Há uma predisposição de acusar, é verdade. Faz parte da cultura do Ministério Público. Mas o processo legal está sendo seguido. Acho grave dizer que estamos vivendo um Estado policial. Não estamos. Você pode ter excessos. Mas eu vivi o Estado policial, sei o que é isso. Nós não vivemos isso aqui. Há uma tentativa de desmoralizar o sistema. Quem sancionou a Lei da Ficha Limpa foi o Lula. Se você foi condenado em segunda instância, não está em condições de ser candidato. Tem que cumprir a lei.
O PT diz que eleição sem Lula é fraude. O sr. concorda?
Não. Vai haver eleição, e o PT vai concorrer. O Comitê de Direitos Humanos da ONU declarou que o Lula deve ser candidato. Qual a base para isso? Querem que desrespeite as leis brasileiras? A lei é clara. Ele não tem, pela lei, a qualificação para ser candidato. Como é que o tribunal vai registrar? É preciso fortalecer as instituições. Nas democracias, sempre há o risco de eleger um personalista malucão. Ainda mais agora. Quando as instituições são fortes, elas seguram. Quando não são fortes, o malucão as derruba. Eu vi isso na América Latina tantas vezes…
Muitos especialistas dizem que haverá pouca renovação no Congresso. Por quê?
Reforçaram a oligarquia partidária. É difícil (renovar). Com essa legislação, que limitou recursos e pôs na mão dos oligarcas dos partidos, como é que faz? E quem se eleger presidente vai governar com quem? Com os que estão no Congresso.
Marina Silva diz que é possível governar só com os melhores…
Tudo bem. Boa intenção ajuda. Especialmente no convento, na universidade… Na política, você tem que ter um certo grau de realismo. Gosto da Marina, me dou com ela, mas não acho que vá para o segundo turno. Ela tem pouco tempo de TV. Há uma certa fragilidade na candidatura, nela mesma. O povo sente isso. Ela tem uma causa, é aberta, mas falta um pouco de malignidade. Esse negócio de ser presidente da República não é fácil. Eu não sei por que tanta gente quer… (risos).
Nos cenários sem Lula, o líder é Bolsonaro. O que explica isso? As pessoas estão com ódio e com medo. No Brasil, além da incerteza, tem a violência e a corrupção. O apelo por uma solução forte e simplista é grande. O Leste europeu está todo indo para a direita. Em alguns casos, para um neofascismo. O Trump quebrou os partidos com essa linguagem forte. O Bolsonaro é um reflexo deste momento de incerteza. O que ele fez como deputado? Eu não sei. Sei que ele queria me fuzilar numa certa altura. Queria matar 30 mil pessoas (o deputado já disse que o país precisava de uma guerra civil, mesmo que morressem 30 mil). É uma visão simplória da história.
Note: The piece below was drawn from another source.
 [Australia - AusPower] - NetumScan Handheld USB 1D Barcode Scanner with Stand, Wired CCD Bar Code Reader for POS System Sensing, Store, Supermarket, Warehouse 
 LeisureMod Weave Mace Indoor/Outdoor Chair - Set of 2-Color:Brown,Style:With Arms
Ele se diz liberal na economia…
Vai acreditar nisso? A vida inteira ele não foi assim. Ele não deve ter uma convicção maior. Ele não sabe.
Bolsonaro o assusta?
Assusta. Não creio que ele tenha a experiência e a visão democrática de aceitar o outro com facilidade. O pior, para mim, é que ele tem soluções simplistas e autoritárias. Eu não acredito nisso. Acredito que as coisas são complicadas e que você precisa convencer. Num país diverso como o nosso, como é que você governa sem capacidade de juntar?
É possível que ele vá ao segundo turno. O PT acha que o segundo turno vai ser Haddad e Alckmin. Eu acho que pode ser Bolsonaro e Alckmin.
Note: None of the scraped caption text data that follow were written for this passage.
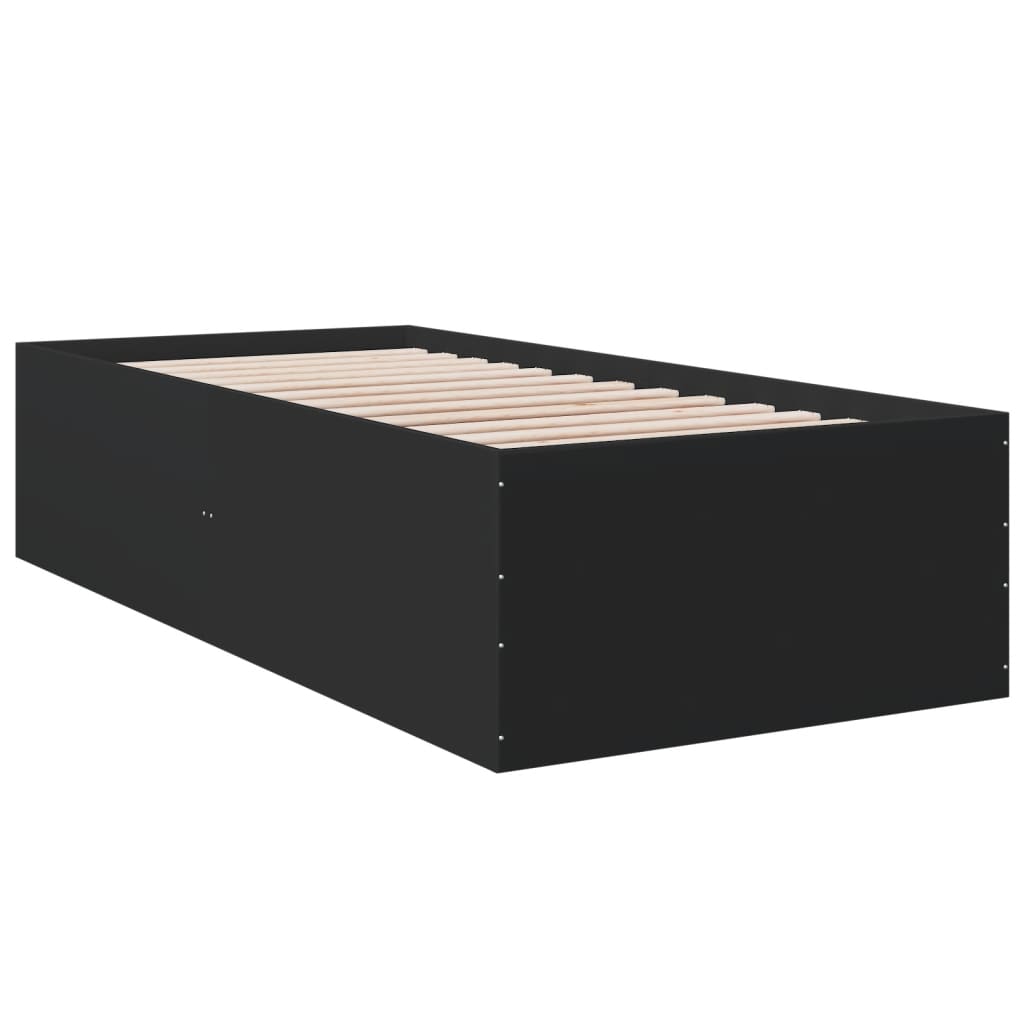 Bedframe bewerkt hout zwart 90x190 cm Bedden & bedframes | Creëer jouw Trendy Thuis | Gratis bezorgd & Retour | Trendy.nl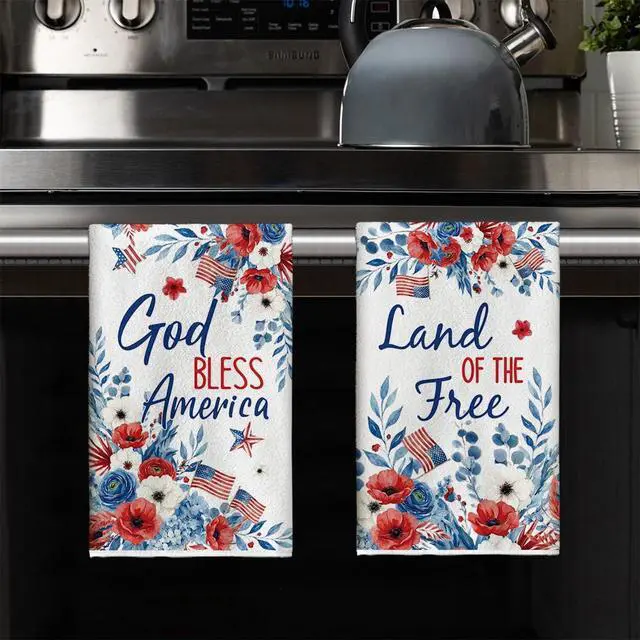 Alt view image 7 of 7 - Artoid Mode Hydrangea Floral Star Flag 4th of July Kitchen Towels Dish Towels, 18x26 Inch Independence Day Decoration Cleaning Set of 2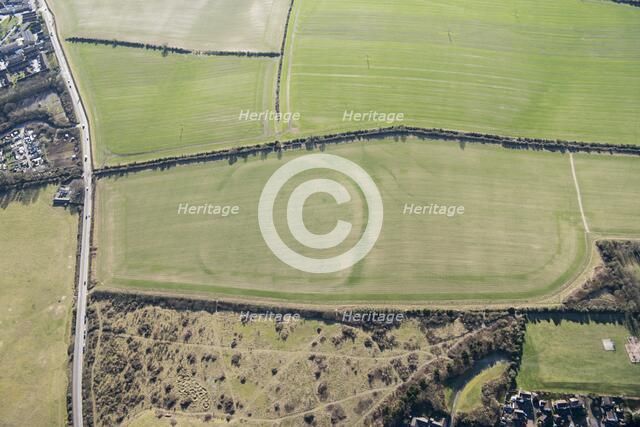 Woodbury Iron Age univallate hillfort crop mark, Salisbury, Wiltshire, 2018. Creator: Historic England Staff Photographer.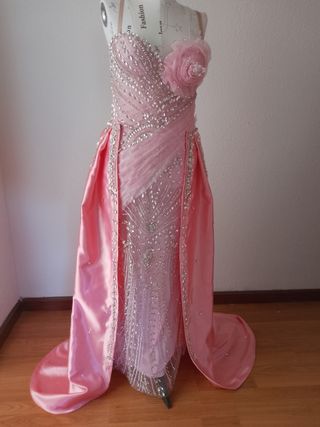 Vestido gitano boda rosa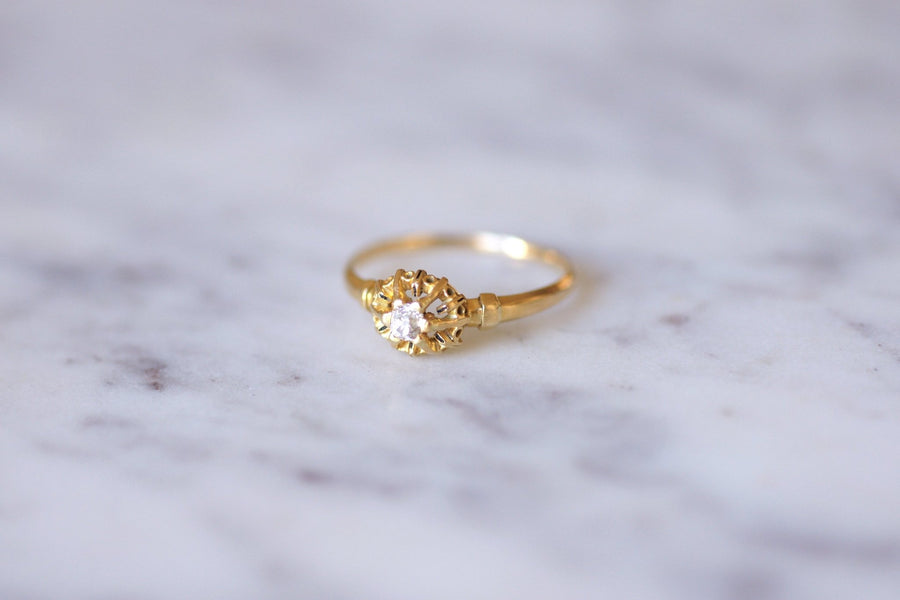 Antique enamelled gold and old cut diamond Victorian ring - Galerie Pénélope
E se for Bolsonaro e Haddad? O PSDB pode apoiar o PT?
Não quero aliança com o PT. Somos diferentes. O PT virou um partido hegemônico. A história nos separou.
PT e PSDB já se aliaram para evitar a eleição de quem julgavam ser um mal maior. Marta e Covas se juntaram duas vezes contra Maluf.
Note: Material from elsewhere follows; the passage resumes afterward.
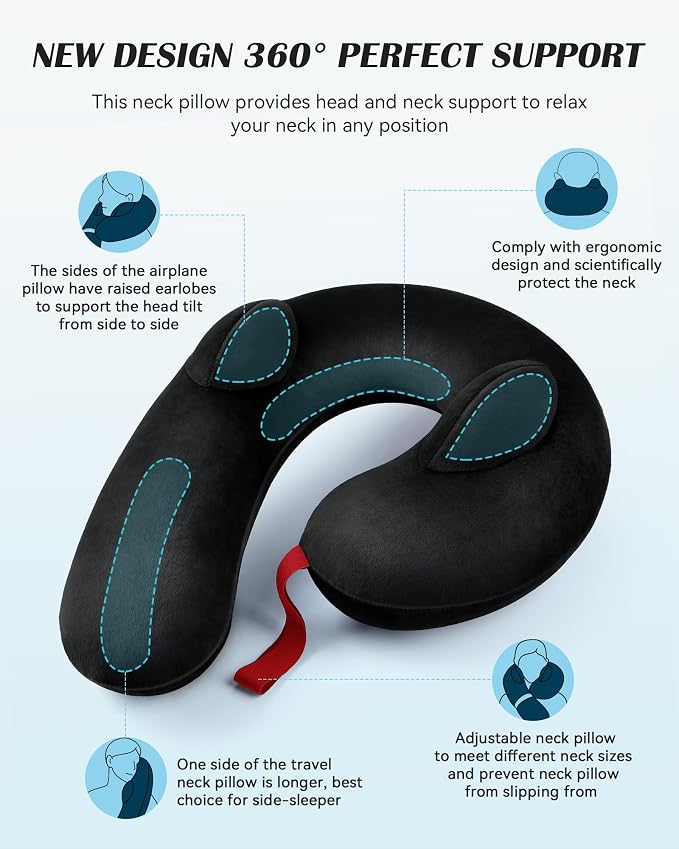 Patented Design Inflatable Travel Neck Pillow – Airplane Neck Pillow with 360° Head & Neck Support, Soft Washable Velvet Cover, Compact Neck Support Pillow for Airplane,Train,Car,Office & Home (Black) - Image 3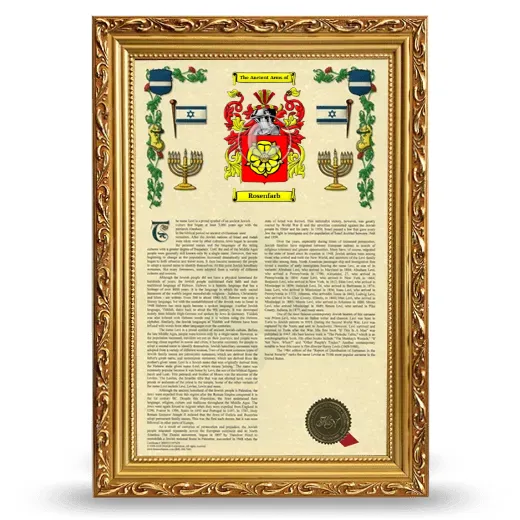 Rosenfarb Armorial History Framed - Gold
É verdade. O Covas era grande. Acho que precisamos evitar uma descambada para os extremos. Na hora da eleição, você tem que ter voto. Vai polarizar quem tiver voto.
E se o PSDB ficar fora?
Não farei objeção a que o PT nos apoie. Naturalmente, isso significa também que não haveria objeção ao contrário. Mas nós pensamos de forma diferente. O que acho é que isso (um eventual acordo no segundo turno) deve se dar dentro de uma visão democrática.
Se Lula for barrado, o PT deve lançar Fernando Haddad. O que acha dele?
Tenho uma boa relação pessoal com o Haddad. O que acho complicado é que ele está sendo visto como marionete do Lula. Um presidente tem que ter força própria para governar.